A sentence to life imprisonment was imposed on October 21, 1943, and duly approved according to law.

Petitioner was convicted upon a secret ballot of two-thirds of the members of the Court-Martial present at the time the vote was taken (General Court-Martial Record, page 74), and sentenced upon secret ballot, “three-fourths of the members present at the time the vote was taken concurring.” (General Court-Martial Record, page 75.)

Petitioner alleges as grounds for writ of habeas corpus that, under the provisions of Article of War 43, a unanimous vote was required.

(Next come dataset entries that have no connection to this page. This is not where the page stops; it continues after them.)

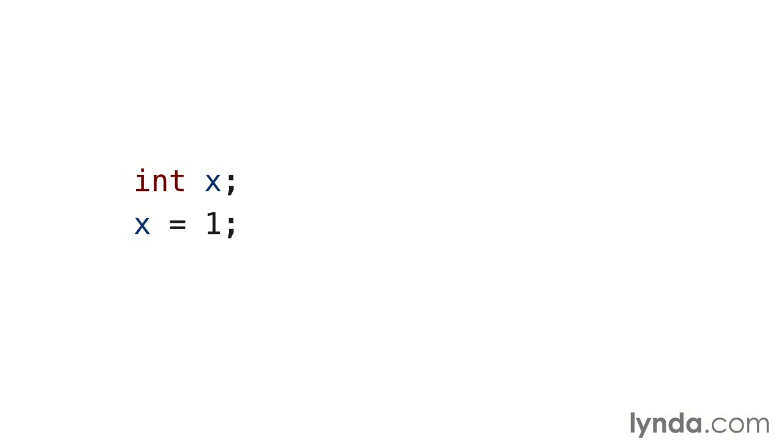This is both a definition and an assignment. Memory is allocated in the size of int, and the value from the variable named x is copied into the variable named y. Variable y now contains a separate integer in a separate memory location with the same value as the variable x.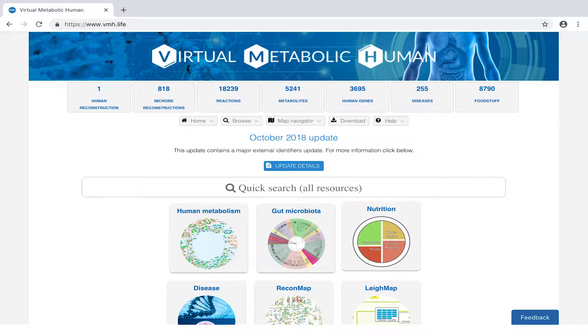Welcome to the Virtual Metabolic Human, your central resource for human metabolism. This tutorial will provide you with an overview of Recon Maps.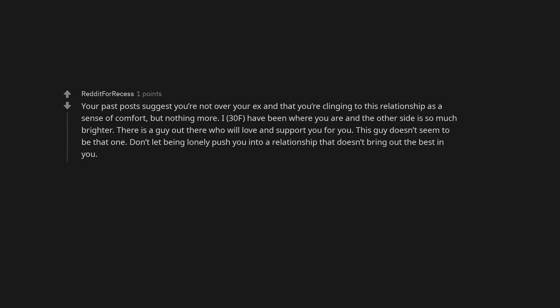I, 30f, have been where you are and the other side is so much brighter. There is a guy out there who will love and support you for you. This guy doesn't seem to be that one. Don't let being lonely push you into a relationship that doesn't bring out the best in you.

Article of War 43 provides that:

“No person shall, by general court-martial, be convicted of an offense for which the death penalty is made mandatory by law, nor sentenced to suffer death, except by the concurrence of all the members of said court-martial present at the time the vote is taken, and for an offense in these articles expressly made punishable by death; nor sentenced to life imprisonment, nor to confinement for more than ten years, except by the concurrence of three-fourths of all of the members present at the time the vote is taken. All other convictions and sentences, whether by general or special court-martial, may be determined by a two-thirds vote of those members present at the time the vote is taken. All other questions shall be determined by a majority vote.” Article 43, Articles of War, 10 U.S.C.A. § 1514.

It will be observed from Article 43 itself that a unanimous vote was required only in cases where “the death penalty is made mandatory by law.” In this case the death penalty might have been imposed but was not mandatory, therefore, a unanimous vote was not required to support the life sentence. Stout v. Hancock, 4 Cir., 146 F.2d 741; certiorari denied, 325 U.S. 850, 65 S.Ct. 1086, 89 L.Ed. 1971.

No ground for writ of habeas corpus has been established.

Whereupon, it is considered, ordered and adjudged that said writ of habeas corpus be, and same is, hereby discharged and petitioner remanded to the custody oí respondent.